(Data excerpts):

▬▬▬▬▬▬

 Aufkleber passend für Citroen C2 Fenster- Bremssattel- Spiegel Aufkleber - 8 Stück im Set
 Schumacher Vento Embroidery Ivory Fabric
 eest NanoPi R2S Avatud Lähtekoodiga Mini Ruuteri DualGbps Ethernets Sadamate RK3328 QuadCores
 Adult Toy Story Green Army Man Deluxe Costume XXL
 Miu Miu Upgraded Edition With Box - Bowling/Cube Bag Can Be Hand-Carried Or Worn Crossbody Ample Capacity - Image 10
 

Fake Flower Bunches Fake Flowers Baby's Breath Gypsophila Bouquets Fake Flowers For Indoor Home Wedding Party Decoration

▬▬▬▬▬▬

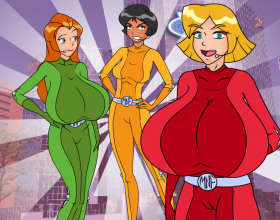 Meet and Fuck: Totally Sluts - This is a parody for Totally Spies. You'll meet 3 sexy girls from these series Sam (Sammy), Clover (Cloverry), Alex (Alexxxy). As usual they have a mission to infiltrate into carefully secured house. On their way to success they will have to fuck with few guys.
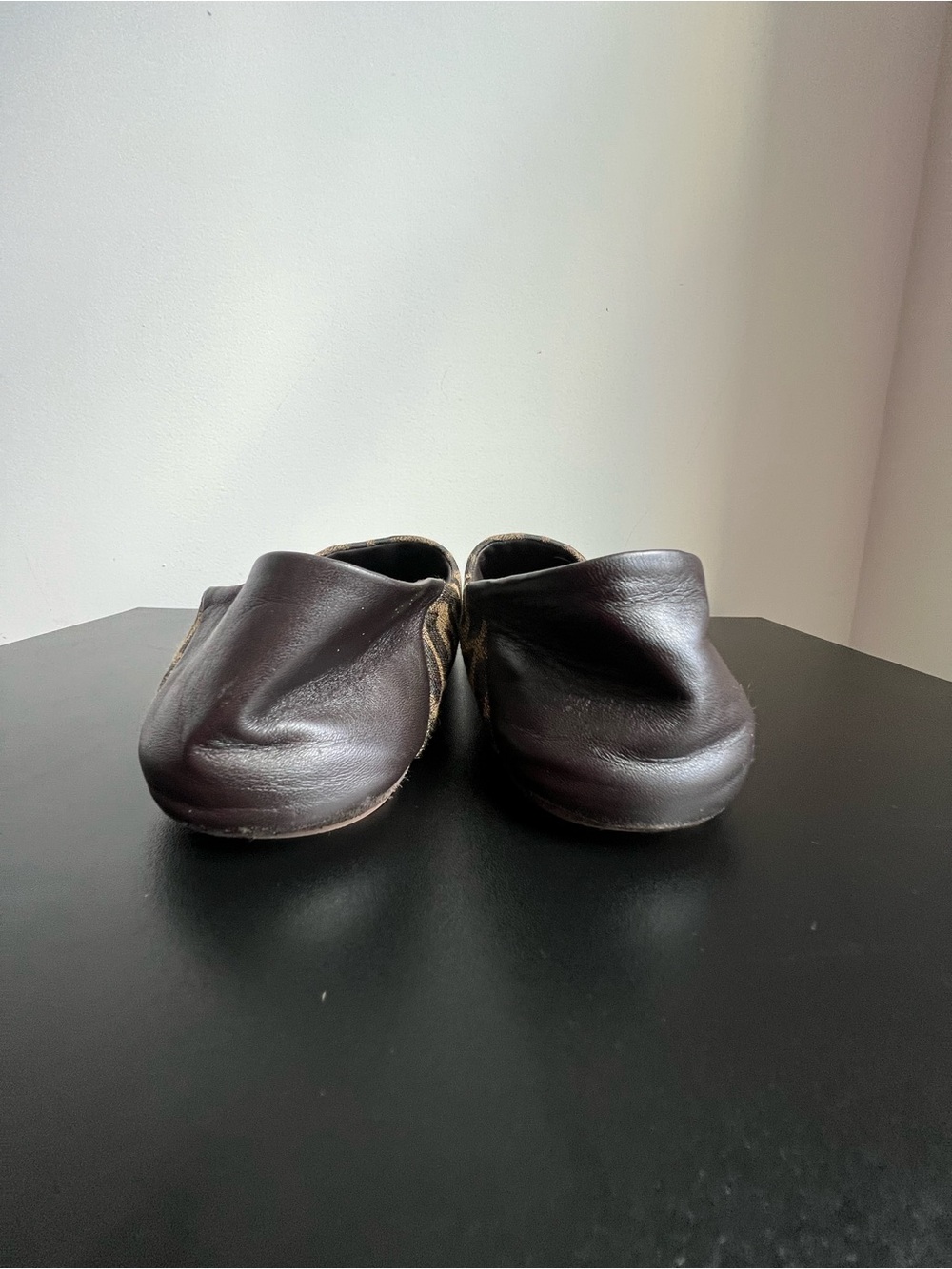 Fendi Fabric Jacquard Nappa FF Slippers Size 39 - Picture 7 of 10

▬▬▬▬▬▬

(Work required):
In the entries above, please find the line with "Schumacher Vento Embroidery Ivory Fabric" and the line with "Miu Miu Upgraded", then write out exactly those two lines and every line between them, and nothing more.

(Exercise solution):
 Schumacher Vento Embroidery Ivory Fabric
 eest NanoPi R2S Avatud Lähtekoodiga Mini Ruuteri DualGbps Ethernets Sadamate RK3328 QuadCores
 Adult Toy Story Green Army Man Deluxe Costume XXL
 Miu Miu Upgraded Edition With Box - Bowling/Cube Bag Can Be Hand-Carried Or Worn Crossbody Ample Capacity - Image 10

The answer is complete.